We live in a digital world, the so-called information era. We document and record and stash all the available information in digital archives, based on computer sciences. Computers are machines that do nothing more than calculation, based on human input and programming. Text is what the digital discourse is made of, and text is what it can produce, be it strings of 1’s and 0’s (binary code), digitally accessible volumes of prose or science (basically also binary code) or imagery (also an elaborate composition of 1’s and 0’s, interpreted through software to be depicted as an image—a protocol). Information takes its shape through the mechanical conduit we know as the computer: the interpreter of code.

In this virtual world (a for human beings inaccessible place inside the hardwiring of the calculating machines) nothing but text exists. These texts are mutually connected in the internet (where it becomes hypertext), the protocol that allows the textual virtual discourses of different computers to communicate with each other, allowing its human operator to communicate with other human communicators anywhere on the globe. The transmission of information between these two actors takes place through the mechanical conduit, via textual input, and doesn’t allow the implementation of subtle nuanced visual cues like body language and expressions or vocal inflection. The use of humor like irony, sarcasm and cynicism is thus hardly interpretable, which could prove a problem in effective communication and could even start serious arguments based on misinterpretation.

This problem was encountered in the childhood years of the internet, when it was still known as ARPANET, supposed to connect computers of educational institutions to share knowledge and pursue the ancient Bildungsideal, “Knowledge is power”. Professor Scott E. Fahlman, affiliated with the computer science department of Carnegie Mellon back in the early 80’s, acknowledged the problem of effective emotive communication. This was especially the case with humor, poorly recognized by Fahlman’s colleagues, I assume. Or poorly practiced. Carnegie-Mellon made extensive use of online bulletin boards where a variety of announcements was made. These were predominantly serious in nature, but there was also the occasional wit to be detected. That is, if the wit was recognized as such. Fahlman noticed that the human ‘tagging’ of the intended wit was failing. The textual discourse didn’t allow emotive cues. The solution should be to tag remarks with a marker to emphasize its emotive nature, preventing lengthy tirades born of misinterpretation of sarcasm that frustrated the original intent of the announcement. A difficulty in this was that CMC was ASCII-based in those days: not allowing the use of imagery, unless this image was composed of letters, numbers or punctuation marks. Fahlman contributed to a solution by suggesting the use of :-) that should be read sideways, as a highly simplified smiling face (possibly inspired by the famous smiley-design by Harvey Ball in 1963). For dead-serious matters the unhappy equivalent :-( was put forward. Ergo, the smiley was born, introducing the emotive icon, or, in a portmanteau, the emoticon.

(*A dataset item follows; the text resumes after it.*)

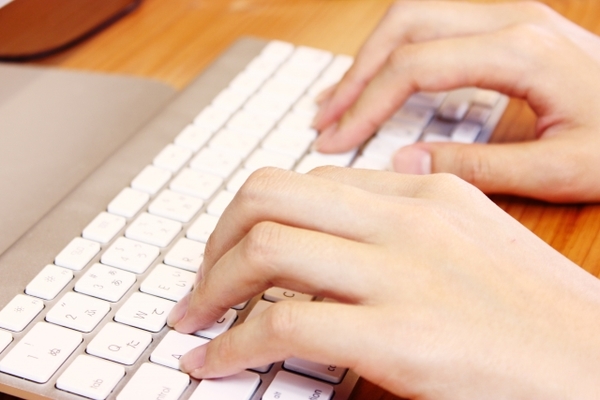 Gmailの引用返信!部分引用や引用符付きの複数引用での返信方法を解説のイメージ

Professor Fahlman couldn’t ever have remotely estimated the influence of his thumbling brainchild. Today’s information technology-based world, relying heavily on the text-based digital world the ARPANET has grown into, needs visual augmentation badly. Today’s assumption is, that if it is not on the internet, it does not exist. The shear size of it is immeasurable, it expands at enormous rates. A massive part of global communication takes place through internet bandwidth, squeezing the “now and then, here and there, real and artificial, original and manipulated”. People can lead reclusive lives but still be very active in virtual social existences. Modern applications specially designed for virtual leasure tie people to their desks, endlessly pursuing gain of knowledge, getting up to speed with the most recent lolcats (an example of a meme, I will get back to later) or just kill time and involve in social traffic with strangers in non-existent virtual spaces like Second Life or HabboHotel. These virtual environments demand digital equivalents of visual cues, eventually going back to professor Fahlman’s smiling face.

The sky seems to be the limit in modern computer science. The latest attempt at fathoming computer science and human minds concerns the emulation of emotions and the recognition of them by computers, software that knows what the user wants and gives it to him, eventually aiming at assembling a digital (or virtual) brain, mimesis of the workings of the human brain, working towards perfect artificial intelligence. So, for as far as the virtual reality hasn’t yet overtaken the empirical one, how do we extend our existence in this new world of text-based interfaces and binary code? How do we utilize our human behavior in digital environments and implement emotional cues and layers human beings practice and use in communication, consciously or not? What has professor Fahlman’s smiley face grown into and how is it manifest in the virtual world of text? What does the human brain do with these impulses and where does text move into empirical subtext?